Imagine there is a small fire in your house: someone forgot to put out a cigarette stub and accidentally set your rubbish bin on fire. You will need just one bucket of water to put it out.
But up the ante, and it is no longer possible for an individual to handle it. For instance, if your entire house was on fire, you would need to call your local fire station for help.
Now, go up one more level. You live in a thickly wooded part of a district like Badulla, and a forest fire covering hundreds of acres is threatening homes and businesses—then it would take the resources of the country, and maybe even aid and support from international allies, to battle the fire and help people recover.
I am telling you this story to illustrate how there are levels of risks—and responses—to consider when discussing a subject like integrated risk management.
As part of our work on the recently released Sri Lanka Development Update (SLDU) we considered the risks and opportunities facing Sri Lanka, beginning from the smallest unit of the household and building up to the country, as represented by the public sector.
There’s been a lot of talk about the macro-economy and national level reforms and policy initiatives. However, in this blog I wanted to focus on your families. What does integrated risk management mean for households?
The poorest Sri Lankan families are vulnerable to shocks
However, unpack the data and you can see that significant poverty still exists in certain areas; a large share of the population subsists on little more than the extreme poverty line.

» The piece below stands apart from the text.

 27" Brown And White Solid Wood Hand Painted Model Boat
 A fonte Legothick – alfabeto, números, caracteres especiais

Consider how such families living in such areas were affected by the floods and landslides in 2017 and the drought of 2016/17. 11 of the affected Divisional Secretary (DS) Divisions by landslides were found to be poorer than the national average. Approximately 12 percent of those affected were poor, nearly twice the national average of 6.7 percent.

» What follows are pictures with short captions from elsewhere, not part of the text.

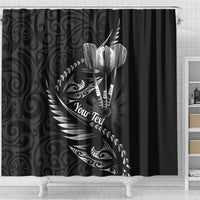 Personalised All Black New Zealand Darts Shower Curtain Aoteroa Fern Maori Galaxy Style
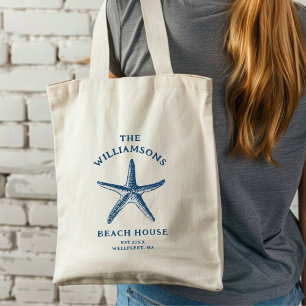 Anpassningsbar Blue Coastal Starfish Beach House Tygkasse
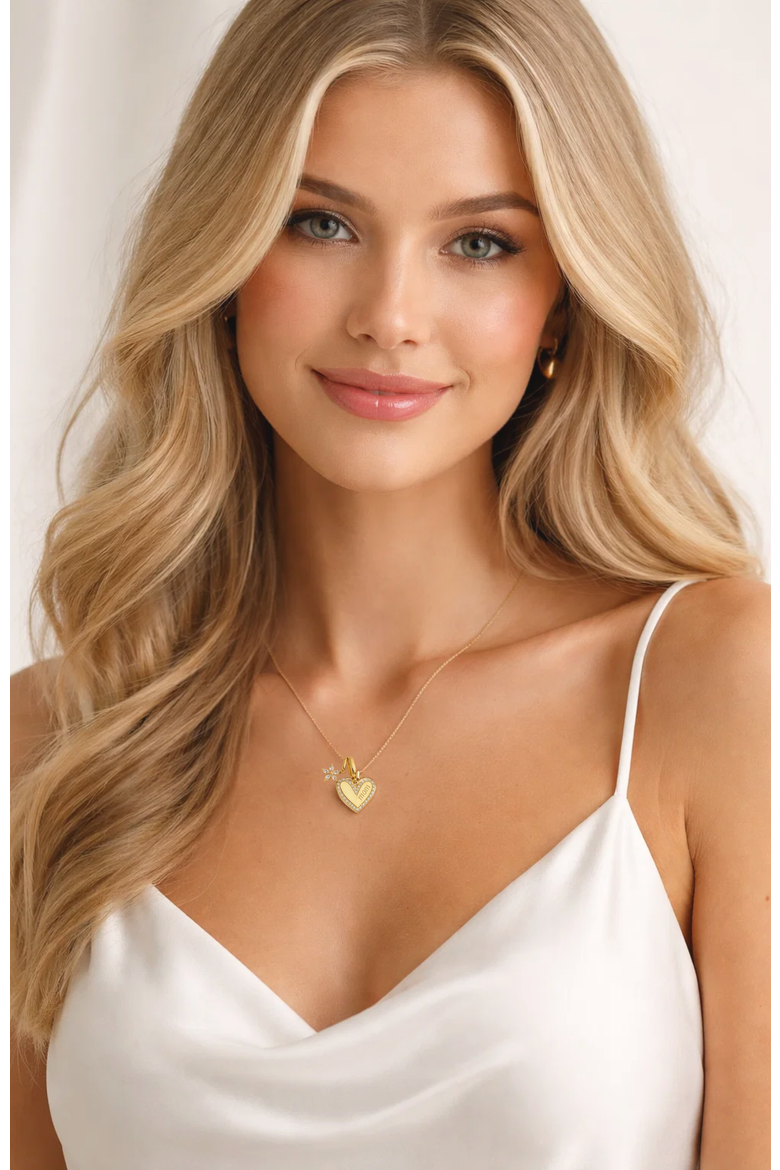 Sophia MOM Pavé Heart & Floral Charm Necklace, Alternate, color, Gold
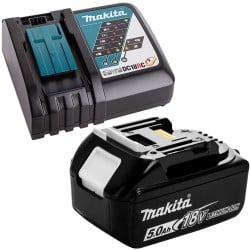 Akumulatorowy minikompresor 18V LXT 12l/min, 8.3 bar Makita DMP180Z + zestaw zasilający 1x5Ah 18V, ładowarka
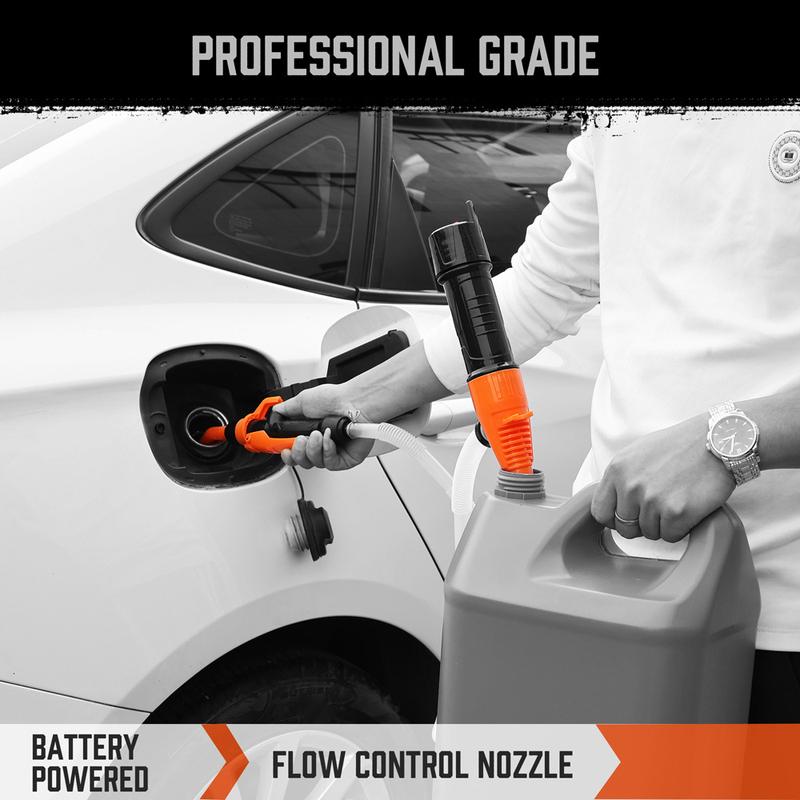 Portable Battery Powered Transfer Pump Motorcycle Car Gas Oil Pump With Flow Control Nozzle Liquid Gasoline Pump Filter Design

It’s not just when disaster strikes that these households need attention. We have to think about, for instance, how the proposed reforms will affect the country’s poor. For instance, the removal of VAT exemptions will raise the cost of living, pushing some households further into poverty, while reforms in trade and business could put pressure on associated businesses and lead to certain households facing income insecurity. At least in the short-term, there will be vulnerable households who need support.
Social protection measures need to be designed and better targeted to support the poor
Like that big forest fire, some risks are too much for people or even families to manage on their own. For instance, the data reveals that social protection measures are needed to mitigate the impacts of drought floods, particularly landslides, on the poor. However, these social safety net programmes need to be better targeted to ensure that those who need it most are the ones who benefit.
When it comes to the impact of reforms, we can look at innovative and focused solutions to protect the poor. Take VAT exemptions: households in the top 60 percent income bracket account for 75 percent of spending benefitting from exemptions, compared to the bottom 40 percent, who account for just 25 percent. This means that many VAT exemptions are effectively subsidies to the non-poor. Instead, if VAT exemptions were limited to goods and services primarily consumed by the poor, the latter could actually benefit.
A similar argument goes for fuel price reforms. The top 30 percent of household account for 70 percent of direct consumption of fuel. This means that, as long as fuel prices are fixed below market prices as they have been most of the time, richer households are the main beneficiaries from low fixed fuel prices, while the state-owned utilities run losses compensated by the budget. We see these types of implicit or explicit fuel subsidies in many countries and nearly everywhere they are effectively subsidies to the non-poor.
VAT reforms should go hand in hand with strengthening safety net and targeted public expenditure to mitigate the impact on the poor, such as investment in infrastructure in districts with a high poverty incidence, and in the quality of public health and education services, even as we ensure that public funds are used wisely and channelled effectively. Successful fuel subsidy reforms, such as those in Indonesia, channelled the fiscal savings into social expenditure, such as the expansion of free schooling and social protection programs.
Better risk management will produce positive outcomes for the households:
Since the risks are clear, why should Sri Lanka still pursue reforms? As outlined in the ambitious Vision 2025 agenda, the reform agenda is designed to bolster Sri Lanka’s economy, create a stronger public balance sheet and reduce the likelihood of serious shocks to the public and private sectors.
This will be a time of change, and will offer new opportunities for development. For households, trade reforms can mean more and better paying jobs. More business opportunities will become available. As markets open up, Sri Lankan consumers will benefit as quality improves and prices drop.
Reforms and projects focused on boosting Sri Lanka’s physical resilience will help prevent natural disasters, save lives when people are exposed to them, and help families recover from losses to their property and livelihoods.
In the meantime, fiscal reforms will increase the government’s capacity to support new infrastructure projects, bringing desperately needed roads and health and education facilities to underserved areas.
Most importantly, households will be protected from shocks. By adopting responsible and rigorous measures to manage public debt and drive fiscal consolidation, the Government is protecting the Sri Lankan rupee and insuring that households can benefit from a stable economy.